▶ EXERCISE DATA:
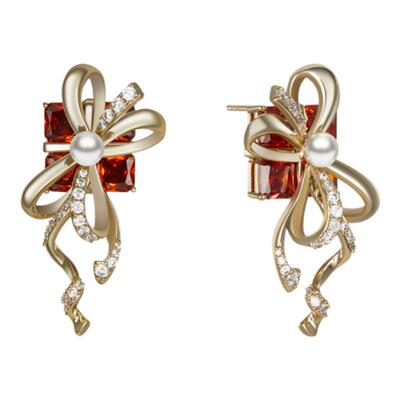 Riotlily/艾特里里甜意之旅系列耳环出游季礼物节日蝴蝶结女款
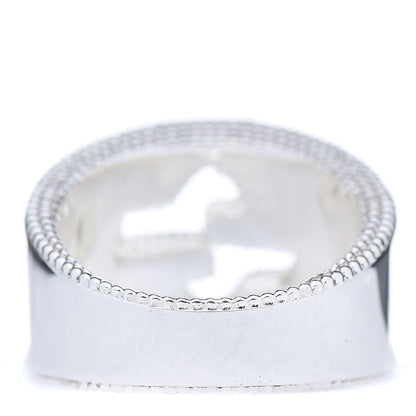 Gucci Sterling Silver Interlocking G Band Ring 56 7.5 3 of 6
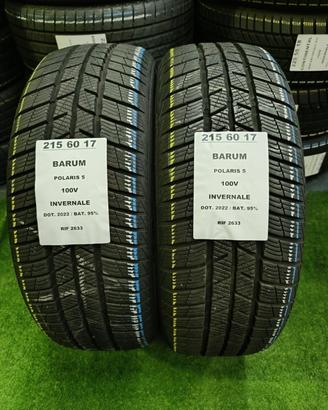 2 GOMME 215 60 17 BARUM INV RIF2633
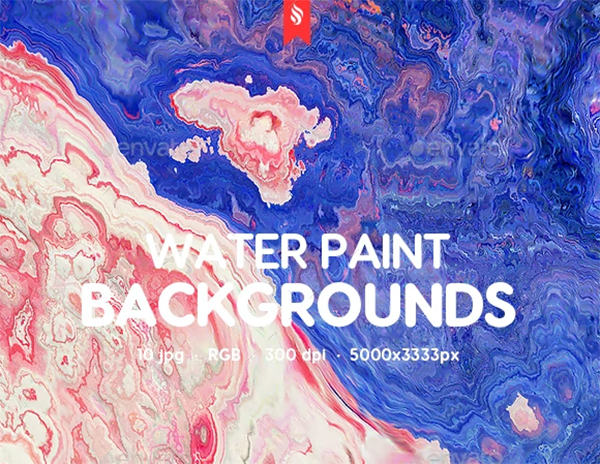 Water Paint Backgrounds Template
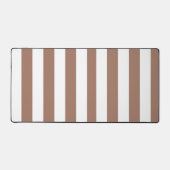  Verticale Strepen Mocha Mousse Wit Bureaumat (Voorkant)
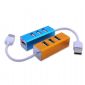 Concentrateur de port USB 2.0 mini 4 avec boîtier en Aluminium small picture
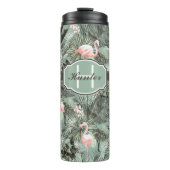 Bouteilles Isothermes Flamant rose Orchidée Tropical Motif Sage ID868 (Devant)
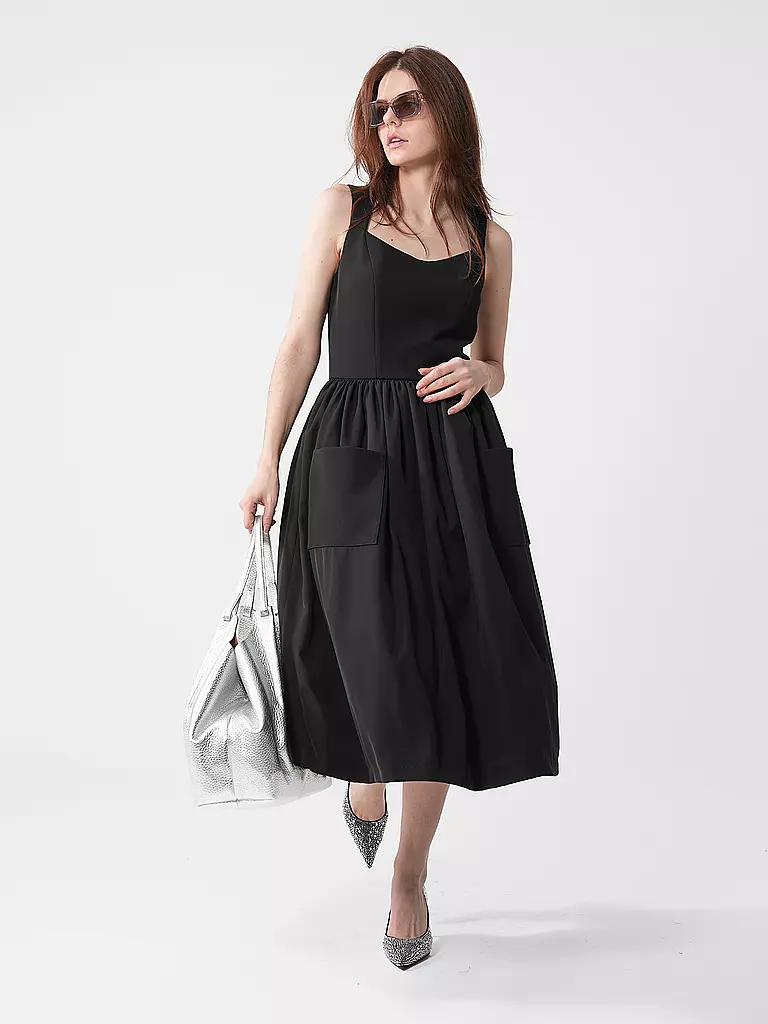 SILVIA SCHNEIDER | Midikleid | Negro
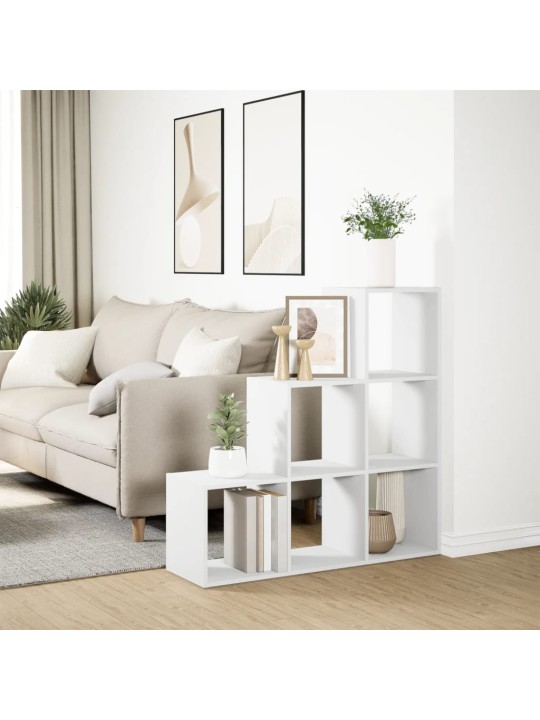 Telpas sadalītājs, grāmatu plaukts, 3 līmeņi, 99x29x99 cm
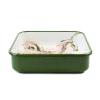 Online Green Marble Enamel Square Roasting & Serving Dish, 22cm Baking Supplies & Equipment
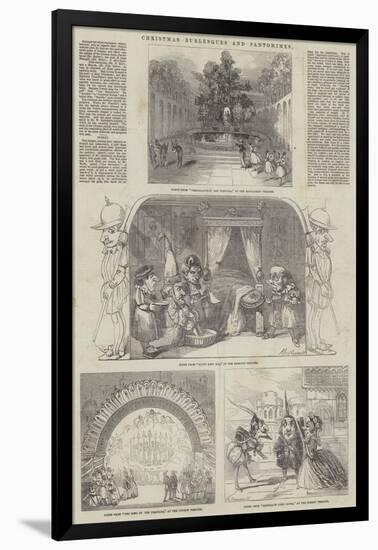 Christmas Burlesques and Pantomimes-Alfred Crowquill-Framed Giclee Print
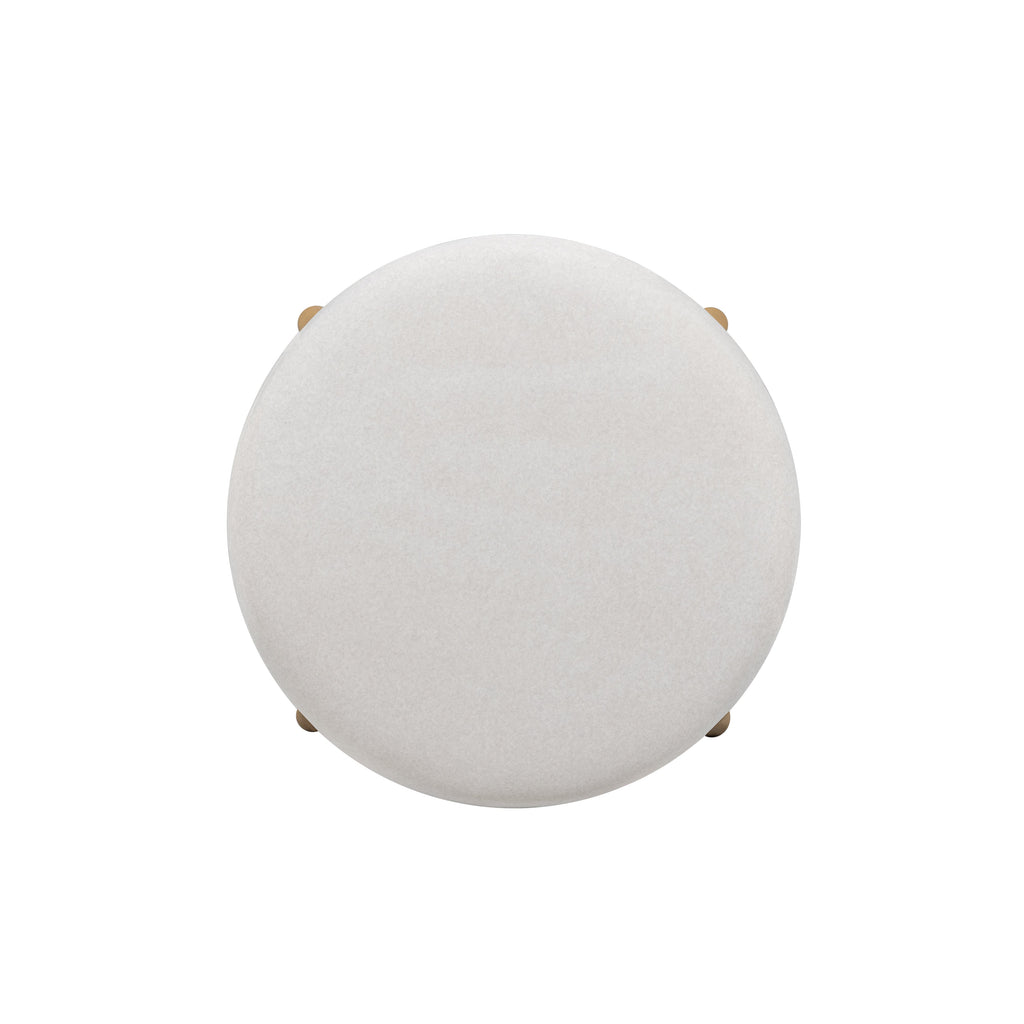 Oodle Performance Vegan Mohair Stool
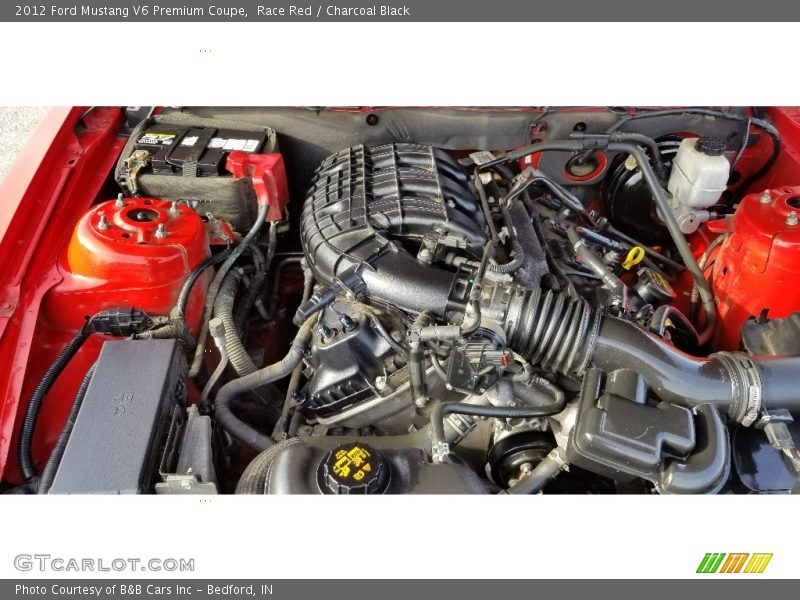 Race Red / Charcoal Black 2012 Ford Mustang V6 Premium Coupe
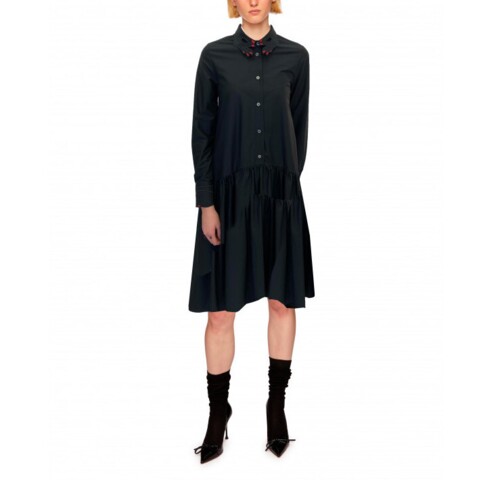 Poplin shirt dress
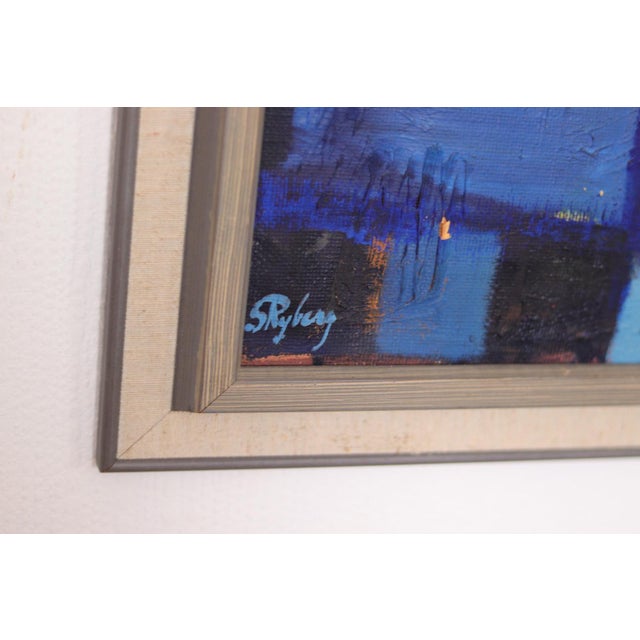 Stig Ryberg, Balcony, 1960s, Oil on Canvas, Framed For Sale - Image 4 of 16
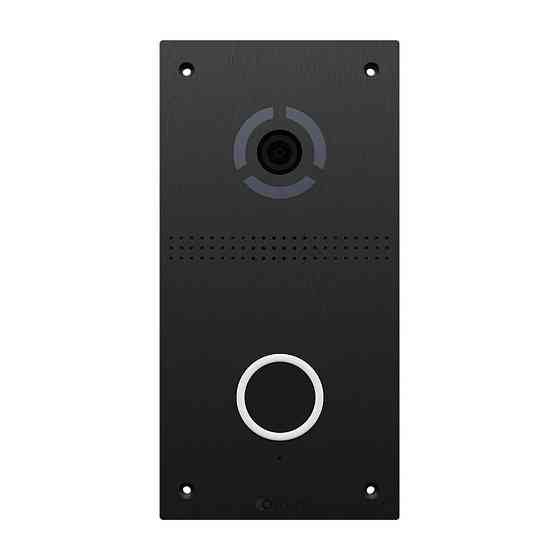 IP панель виклику Bas-IP AV-05FD black з безконтактною кнопокою виклику Київ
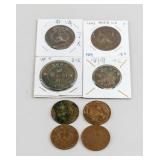 Chinese Repubic and Qing Dynasty Copper Coin 8 PC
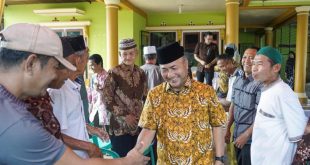 Pj Bupati Muba, Apriyadi ssat turun langsung ke masyarakat. Foto: Dok Kominfo Muba.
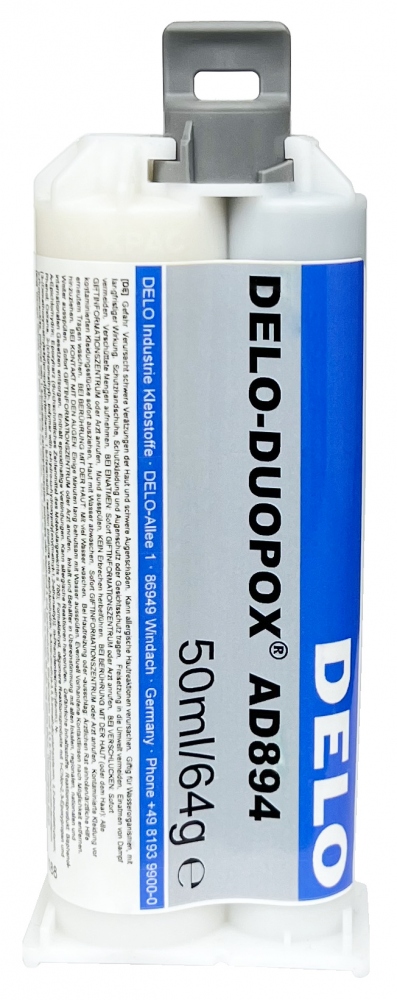 Keo dán Epoxy hai thành phần DELO-DUOPOX AD894, lấp đầy khe hở, màu đen, 50ml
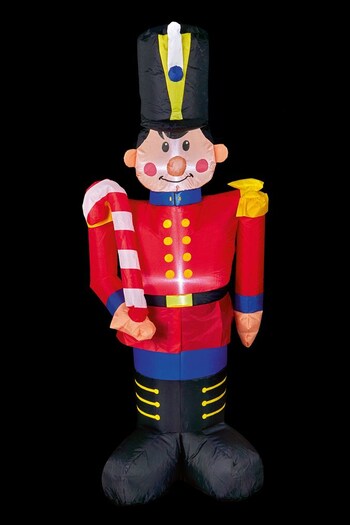Premier Decorations Ltd 1.2m LED Lit Inflatable Toy Soldier With Candy Cane (D28150) | £50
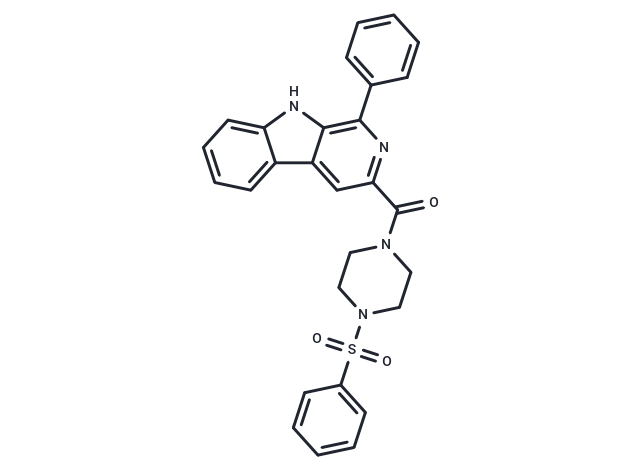 化合物 DNA topoisomerase II inhibitor 1,DNA topoisomerase II inhibitor 1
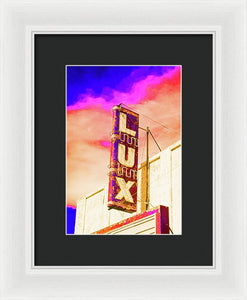 Vintage Sign - Lux - Framed Print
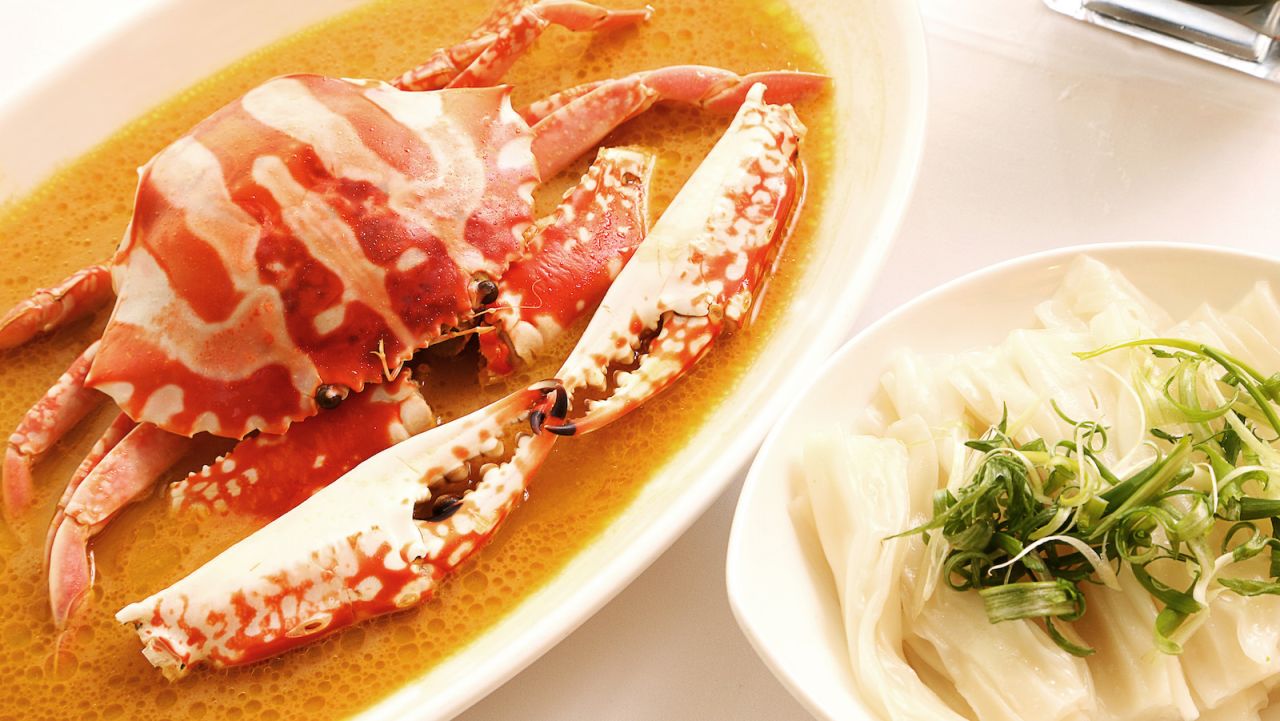 The Chairman's steamed, fresh flowery crab. 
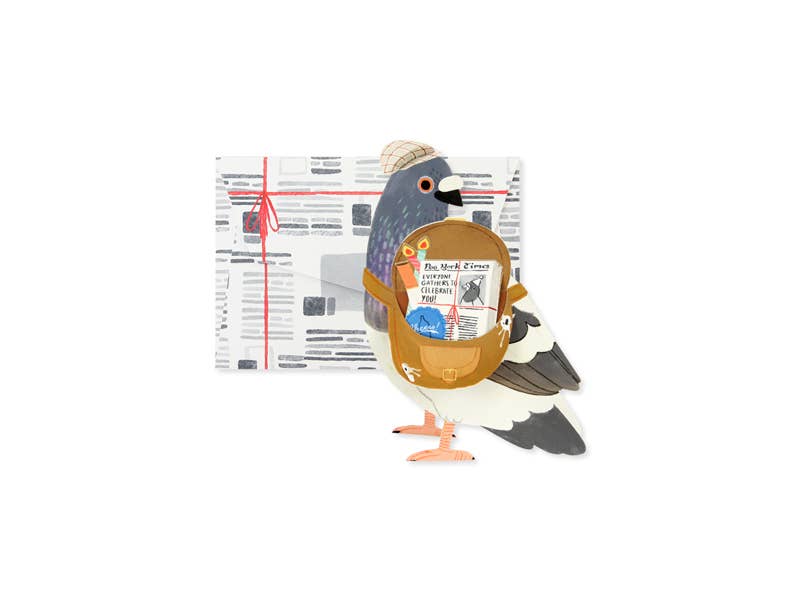Messenger Pigeon Birthday/Congratulations Pop-Up Card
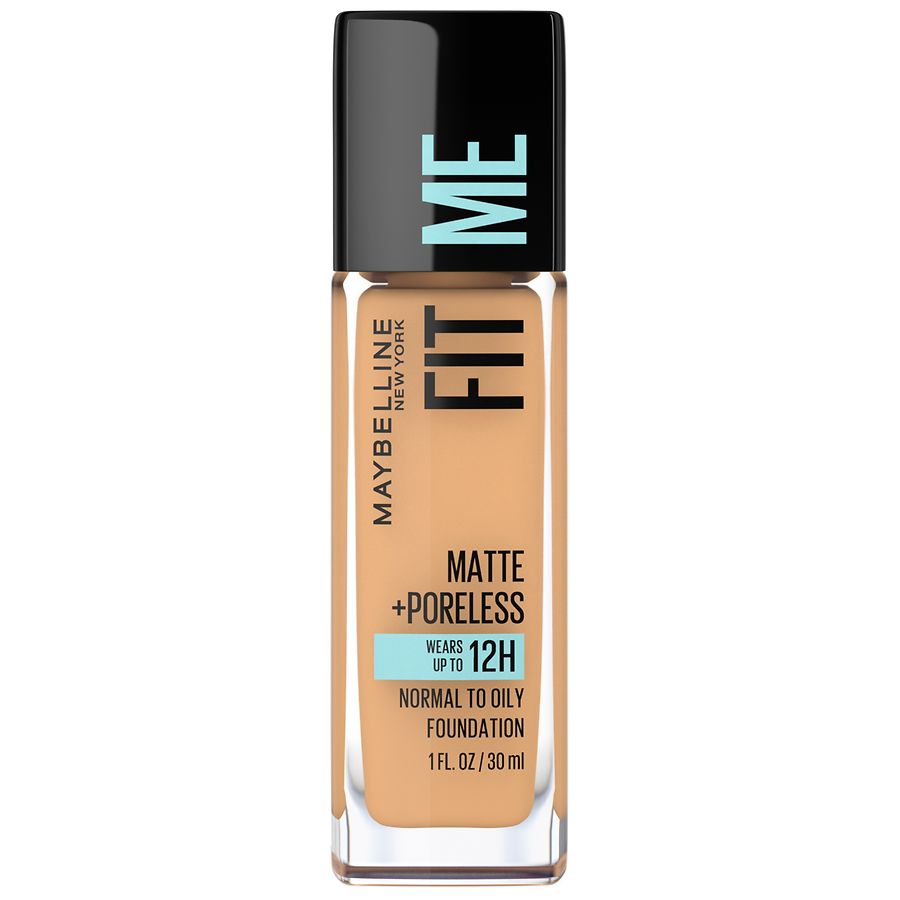 Maybelline Fit Me Matte + Poreless Liquid Foundation Makeup, 310 Sun Beige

▶ WORK TASK: Retype exactly. Include each line from the start of the material through the line holding "Keo dán Epoxy", and leave the pictures out.

▶ EXPECTED ANSWER:
 Riotlily/艾特里里甜意之旅系列耳环出游季礼物节日蝴蝶结女款
 Gucci Sterling Silver Interlocking G Band Ring 56 7.5 3 of 6
 2 GOMME 215 60 17 BARUM INV RIF2633
 Water Paint Backgrounds Template
  Verticale Strepen Mocha Mousse Wit Bureaumat (Voorkant)
 Concentrateur de port USB 2.0 mini 4 avec boîtier en Aluminium small picture
 Bouteilles Isothermes Flamant rose Orchidée Tropical Motif Sage ID868 (Devant)
 SILVIA SCHNEIDER | Midikleid | Negro
 Telpas sadalītājs, grāmatu plaukts, 3 līmeņi, 99x29x99 cm
 Online Green Marble Enamel Square Roasting & Serving Dish, 22cm Baking Supplies & Equipment
 Christmas Burlesques and Pantomimes-Alfred Crowquill-Framed Giclee Print
 Oodle Performance Vegan Mohair Stool
 Race Red / Charcoal Black 2012 Ford Mustang V6 Premium Coupe
 Poplin shirt dress
 Stig Ryberg, Balcony, 1960s, Oil on Canvas, Framed For Sale - Image 4 of 16
 IP панель виклику Bas-IP AV-05FD black з безконтактною кнопокою виклику Київ
 Chinese Repubic and Qing Dynasty Copper Coin 8 PC
 Pj Bupati Muba, Apriyadi ssat turun langsung ke masyarakat. Foto: Dok Kominfo Muba.
 Keo dán Epoxy hai thành phần DELO-DUOPOX AD894, lấp đầy khe hở, màu đen, 50ml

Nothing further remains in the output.